• Action item
The expected answer comprises all lines from the entries that contain the string "show".

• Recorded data
========================================================================
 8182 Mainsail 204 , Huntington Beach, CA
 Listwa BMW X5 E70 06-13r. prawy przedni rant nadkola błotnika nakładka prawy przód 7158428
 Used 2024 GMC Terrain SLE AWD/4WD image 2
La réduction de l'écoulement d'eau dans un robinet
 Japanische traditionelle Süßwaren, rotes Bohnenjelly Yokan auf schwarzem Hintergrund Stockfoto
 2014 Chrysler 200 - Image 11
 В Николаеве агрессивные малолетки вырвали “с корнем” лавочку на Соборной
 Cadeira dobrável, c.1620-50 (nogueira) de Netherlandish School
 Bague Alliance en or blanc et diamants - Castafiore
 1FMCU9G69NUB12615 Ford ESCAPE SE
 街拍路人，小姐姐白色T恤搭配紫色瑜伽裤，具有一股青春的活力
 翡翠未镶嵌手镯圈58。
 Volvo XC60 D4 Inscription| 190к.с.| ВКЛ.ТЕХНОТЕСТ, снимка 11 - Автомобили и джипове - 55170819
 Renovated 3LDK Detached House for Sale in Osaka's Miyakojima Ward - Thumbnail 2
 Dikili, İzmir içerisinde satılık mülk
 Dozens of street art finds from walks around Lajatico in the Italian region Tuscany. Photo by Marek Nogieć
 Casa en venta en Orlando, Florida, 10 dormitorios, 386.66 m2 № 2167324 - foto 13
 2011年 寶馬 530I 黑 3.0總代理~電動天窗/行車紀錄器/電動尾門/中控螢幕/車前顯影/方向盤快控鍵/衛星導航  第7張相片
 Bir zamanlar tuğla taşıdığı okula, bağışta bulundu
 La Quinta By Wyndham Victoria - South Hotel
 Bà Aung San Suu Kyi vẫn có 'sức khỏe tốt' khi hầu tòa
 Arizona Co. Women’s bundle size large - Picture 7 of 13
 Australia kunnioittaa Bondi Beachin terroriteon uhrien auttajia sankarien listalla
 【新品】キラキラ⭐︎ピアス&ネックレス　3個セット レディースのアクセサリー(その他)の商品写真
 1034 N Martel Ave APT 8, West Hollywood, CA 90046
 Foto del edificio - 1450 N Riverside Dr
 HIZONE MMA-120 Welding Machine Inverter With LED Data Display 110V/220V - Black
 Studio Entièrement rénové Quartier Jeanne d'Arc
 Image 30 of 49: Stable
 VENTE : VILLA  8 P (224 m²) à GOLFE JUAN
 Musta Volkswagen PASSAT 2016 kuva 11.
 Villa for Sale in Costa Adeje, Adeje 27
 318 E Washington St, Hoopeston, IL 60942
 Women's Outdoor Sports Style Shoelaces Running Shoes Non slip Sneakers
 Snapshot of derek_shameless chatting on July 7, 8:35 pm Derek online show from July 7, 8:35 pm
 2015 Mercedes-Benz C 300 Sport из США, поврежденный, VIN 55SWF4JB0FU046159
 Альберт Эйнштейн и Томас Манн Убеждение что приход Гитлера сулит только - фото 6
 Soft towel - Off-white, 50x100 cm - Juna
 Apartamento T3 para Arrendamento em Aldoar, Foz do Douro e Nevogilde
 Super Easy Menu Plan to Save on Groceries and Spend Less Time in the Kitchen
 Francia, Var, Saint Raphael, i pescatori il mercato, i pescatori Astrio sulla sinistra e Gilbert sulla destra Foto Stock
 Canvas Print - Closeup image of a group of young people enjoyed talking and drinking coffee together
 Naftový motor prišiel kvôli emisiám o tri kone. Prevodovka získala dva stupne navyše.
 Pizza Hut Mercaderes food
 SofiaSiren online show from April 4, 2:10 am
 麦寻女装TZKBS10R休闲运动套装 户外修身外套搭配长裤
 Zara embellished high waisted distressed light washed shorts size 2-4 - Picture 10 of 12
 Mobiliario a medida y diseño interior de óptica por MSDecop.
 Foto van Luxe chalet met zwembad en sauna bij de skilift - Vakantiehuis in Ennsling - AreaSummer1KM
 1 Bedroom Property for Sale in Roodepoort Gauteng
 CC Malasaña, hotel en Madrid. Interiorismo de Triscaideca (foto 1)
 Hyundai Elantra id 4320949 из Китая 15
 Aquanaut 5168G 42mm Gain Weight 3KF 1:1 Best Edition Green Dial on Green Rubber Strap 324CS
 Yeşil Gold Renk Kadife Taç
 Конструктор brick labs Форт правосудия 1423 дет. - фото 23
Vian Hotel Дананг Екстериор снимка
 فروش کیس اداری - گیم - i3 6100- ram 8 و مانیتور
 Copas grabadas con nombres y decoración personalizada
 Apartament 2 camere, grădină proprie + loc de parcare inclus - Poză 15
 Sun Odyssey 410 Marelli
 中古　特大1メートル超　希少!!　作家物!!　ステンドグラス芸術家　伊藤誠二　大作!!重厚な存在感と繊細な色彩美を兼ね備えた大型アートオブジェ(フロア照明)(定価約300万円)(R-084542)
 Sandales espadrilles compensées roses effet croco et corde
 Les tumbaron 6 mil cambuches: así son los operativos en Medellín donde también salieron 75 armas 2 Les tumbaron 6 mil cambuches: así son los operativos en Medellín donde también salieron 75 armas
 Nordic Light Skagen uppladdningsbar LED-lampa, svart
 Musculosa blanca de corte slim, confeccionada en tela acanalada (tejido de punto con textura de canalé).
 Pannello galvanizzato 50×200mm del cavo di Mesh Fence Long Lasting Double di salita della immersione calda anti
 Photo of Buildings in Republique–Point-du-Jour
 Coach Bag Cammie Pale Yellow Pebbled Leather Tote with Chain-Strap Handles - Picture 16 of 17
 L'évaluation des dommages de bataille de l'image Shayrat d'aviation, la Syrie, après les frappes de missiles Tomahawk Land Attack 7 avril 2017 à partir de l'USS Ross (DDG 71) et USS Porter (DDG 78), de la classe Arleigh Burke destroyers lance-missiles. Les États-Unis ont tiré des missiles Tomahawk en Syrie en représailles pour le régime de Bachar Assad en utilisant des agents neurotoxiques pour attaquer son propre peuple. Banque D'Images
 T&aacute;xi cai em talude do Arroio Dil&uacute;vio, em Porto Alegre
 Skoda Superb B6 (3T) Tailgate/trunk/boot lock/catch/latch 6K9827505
========================================================================
• Task response
 Snapshot of derek_shameless chatting on July 7, 8:35 pm Derek online show from July 7, 8:35 pm
 SofiaSiren online show from April 4, 2:10 am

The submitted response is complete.